Diário de Bordo I - Natal

Alguém me perguntou ontem no msn: "Dinho, porque Natal?"
É uma pergunta simples, que revela uma curiosidade simples: porque especificamente a cidade de Natal.
Nessa linha, desperta outras perguntas. Poderia serMaceió? Cuiabá?
E, já que estou no Rio, onde as favelas tem mais habitantes que muitos municípios brasileiros - estamos falando de centenas de milhares de pessoas - se eu quero estudar os fenômenos sociais relacionados à favela (já que estou inserido nesse contexto no Rio de Janeiro) não seria melhor tomar um ônibus de R$2,40 e ir no Complexo do Alemão ou no Complexo da Maré,onde já tenho muitos contatos e experiências?

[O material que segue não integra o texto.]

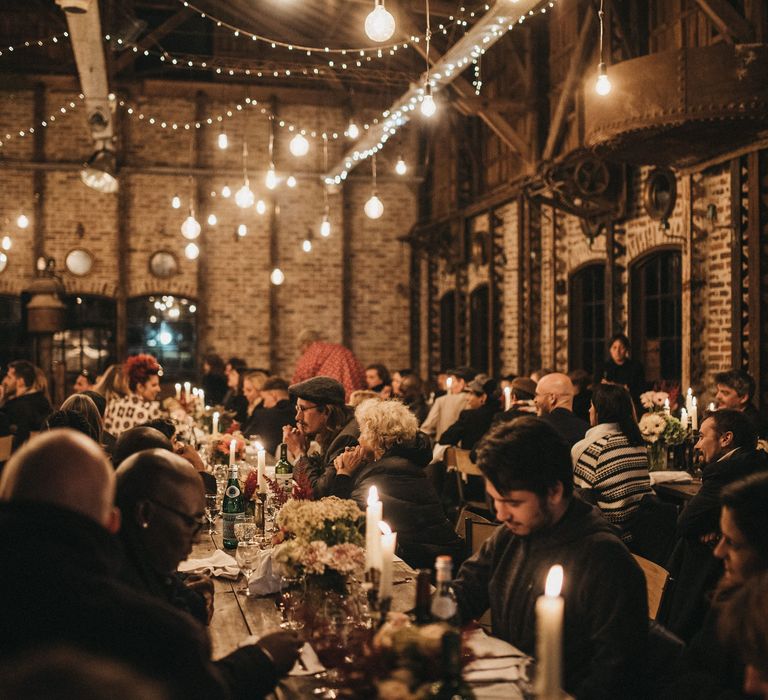 Rustic wedding reception with candles, festoon lights and fairy lights decor 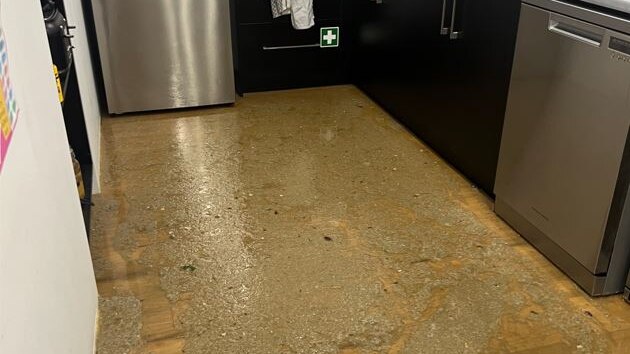 a kichen with brown cupboards and silver fridge with wooden floor covered in brown liquid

Minhas respostas na rede devem ser criativas e provocadoras. Provocar novas idéias e caminhos. Porque descobri que tenho no meu círculo de relacionamento pessoas criativas e provocadoras. Pessoas que me motivam a ser criativo, a pensar mais, a falar mais. Sou privilegiado.
Portanto, a resposta a essa pergunta tinha que atender de forma mais ampla.
Não existe apenas uma resposta, existem várias. Eu vou dar algumas, outras, não. Mas, nenhuma delas está relacionada com fazer turismo aqui, ou o sol ou as praias dessa cidade. De fato são belíssimas, passei de carro pela orla e vi, mas, definitivamente, praia de nordeste não é o que me  motiva juntar economias e vir.
Esse sentimento, que de forma alguma é de desprezo às belezas locais, deve estar inconscientemente relacionado com essa impressão que tenho de que, no Rio, temos tudo que precisamos, para o bem e para o mal.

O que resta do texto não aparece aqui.